DateAccountDebitCredit
10/11/2022Cash$500
Accounts Receivable$500
Journal entry for full payment of furniture sold on credit

The journal entry above would increase the cash account and decrease the accounts receivable account by $500.

Related: Is Dividends an Asset?

Why accounts receivable is an asset and not revenue

Accounts receivable is considered to be an asset and not a revenue account because it is cash owed to the business by a customer which can be convertible to cash on a future date. It is recorded as a current asset because it is expected to be recovered within a year. In a situation whereby the account receivable amount converts to cash in more than one year, it is still recorded as an asset and not revenue, but this time not as a current asset but as a long-term asset instead (probably as a note receivable).

Even though revenue is recognized when sales are made on credit under the accrual accounting method, the amount from this transaction can’t be recorded as only revenue but as accounts receivable as well because there are possibilities that the customers may not pay their debts. Hence accounts receivable is best treated as an asset rather than as revenue.

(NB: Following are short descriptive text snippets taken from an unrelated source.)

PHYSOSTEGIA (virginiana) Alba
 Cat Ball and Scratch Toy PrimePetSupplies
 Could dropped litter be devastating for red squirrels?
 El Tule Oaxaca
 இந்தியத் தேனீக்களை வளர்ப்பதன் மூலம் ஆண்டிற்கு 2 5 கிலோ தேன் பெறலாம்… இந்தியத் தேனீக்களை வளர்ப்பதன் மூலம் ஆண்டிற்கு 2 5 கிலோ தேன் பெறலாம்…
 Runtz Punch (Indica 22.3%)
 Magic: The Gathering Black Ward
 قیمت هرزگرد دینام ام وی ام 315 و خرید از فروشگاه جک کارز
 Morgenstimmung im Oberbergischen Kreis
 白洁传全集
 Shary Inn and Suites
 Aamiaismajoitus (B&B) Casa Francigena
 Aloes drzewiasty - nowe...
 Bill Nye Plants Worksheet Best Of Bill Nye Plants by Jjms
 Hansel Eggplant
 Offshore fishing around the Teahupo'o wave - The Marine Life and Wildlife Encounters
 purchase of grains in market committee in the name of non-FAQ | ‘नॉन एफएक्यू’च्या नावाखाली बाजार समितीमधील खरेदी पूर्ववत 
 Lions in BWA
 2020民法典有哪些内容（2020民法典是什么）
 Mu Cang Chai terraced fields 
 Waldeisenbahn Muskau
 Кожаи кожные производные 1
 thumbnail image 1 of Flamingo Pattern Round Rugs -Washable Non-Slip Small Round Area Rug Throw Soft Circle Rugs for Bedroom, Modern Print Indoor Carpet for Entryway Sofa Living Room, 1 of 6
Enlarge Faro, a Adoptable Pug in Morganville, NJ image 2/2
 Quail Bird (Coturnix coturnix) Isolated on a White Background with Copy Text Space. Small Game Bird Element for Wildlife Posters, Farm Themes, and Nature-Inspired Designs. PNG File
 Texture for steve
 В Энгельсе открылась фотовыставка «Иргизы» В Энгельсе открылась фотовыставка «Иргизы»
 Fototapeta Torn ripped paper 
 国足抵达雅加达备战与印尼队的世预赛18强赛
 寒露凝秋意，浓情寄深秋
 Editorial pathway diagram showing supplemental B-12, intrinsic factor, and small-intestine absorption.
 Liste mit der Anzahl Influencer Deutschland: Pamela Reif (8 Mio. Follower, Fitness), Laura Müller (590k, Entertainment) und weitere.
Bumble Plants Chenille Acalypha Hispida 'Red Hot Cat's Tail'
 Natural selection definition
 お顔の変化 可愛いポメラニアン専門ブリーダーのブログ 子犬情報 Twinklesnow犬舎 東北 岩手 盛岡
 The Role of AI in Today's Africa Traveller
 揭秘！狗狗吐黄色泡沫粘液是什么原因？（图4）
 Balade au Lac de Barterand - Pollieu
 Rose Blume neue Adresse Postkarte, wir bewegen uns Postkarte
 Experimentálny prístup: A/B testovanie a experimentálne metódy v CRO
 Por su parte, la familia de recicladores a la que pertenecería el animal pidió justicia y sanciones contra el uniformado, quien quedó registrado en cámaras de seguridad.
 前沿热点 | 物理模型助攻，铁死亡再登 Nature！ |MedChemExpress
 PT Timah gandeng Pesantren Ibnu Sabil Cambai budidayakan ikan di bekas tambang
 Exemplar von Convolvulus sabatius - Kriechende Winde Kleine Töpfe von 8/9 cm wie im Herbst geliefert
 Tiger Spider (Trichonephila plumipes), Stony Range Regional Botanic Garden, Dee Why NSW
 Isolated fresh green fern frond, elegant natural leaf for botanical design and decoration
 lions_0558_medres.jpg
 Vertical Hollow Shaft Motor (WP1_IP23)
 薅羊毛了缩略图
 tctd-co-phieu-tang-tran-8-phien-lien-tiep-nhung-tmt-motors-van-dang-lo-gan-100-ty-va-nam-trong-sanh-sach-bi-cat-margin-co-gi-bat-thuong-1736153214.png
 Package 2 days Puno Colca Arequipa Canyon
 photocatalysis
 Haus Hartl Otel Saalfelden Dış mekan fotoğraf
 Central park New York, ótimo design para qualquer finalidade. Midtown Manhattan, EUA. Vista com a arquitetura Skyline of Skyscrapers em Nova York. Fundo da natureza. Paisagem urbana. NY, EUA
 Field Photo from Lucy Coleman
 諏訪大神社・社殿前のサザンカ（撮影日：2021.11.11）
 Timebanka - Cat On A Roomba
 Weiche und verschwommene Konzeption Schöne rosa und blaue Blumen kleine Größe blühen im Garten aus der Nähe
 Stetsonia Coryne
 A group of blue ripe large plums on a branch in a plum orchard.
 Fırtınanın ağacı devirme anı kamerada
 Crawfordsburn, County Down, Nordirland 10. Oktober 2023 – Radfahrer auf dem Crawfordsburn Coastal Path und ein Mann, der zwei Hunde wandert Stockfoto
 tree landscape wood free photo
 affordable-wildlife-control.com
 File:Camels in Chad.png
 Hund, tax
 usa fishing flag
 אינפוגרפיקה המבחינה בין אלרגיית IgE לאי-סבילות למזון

Some customers can sometimes default and never pay back what they owe for the products or services received from the company. So, when the company discovers that an account receivable won’t get paid for by a customer, it is written off as a bad debt expense or a one-time charge and then reported in the profit and loss account.

Now, imagine if this owed amount that ended up not being paid for was already recorded as revenue, and not accounts receivable, what do you think would happen to the company’s financial records? Balancing the books would definitely be a hassle. Now, you can see why it is important for accounts receivable to be treated as a current asset account rather than a revenue account.

Furthermore, due to the fact that some receivables will never be collected, the accounts receivable account is offset by an allowance for doubtful accounts. This allowance for doubtful accounts is an estimate of the total amount of bad debts related to the receivable asset. Then, the number of outstanding receivables that the company actually expects to collect becomes the net reported amount of the allowance and the gross receivable.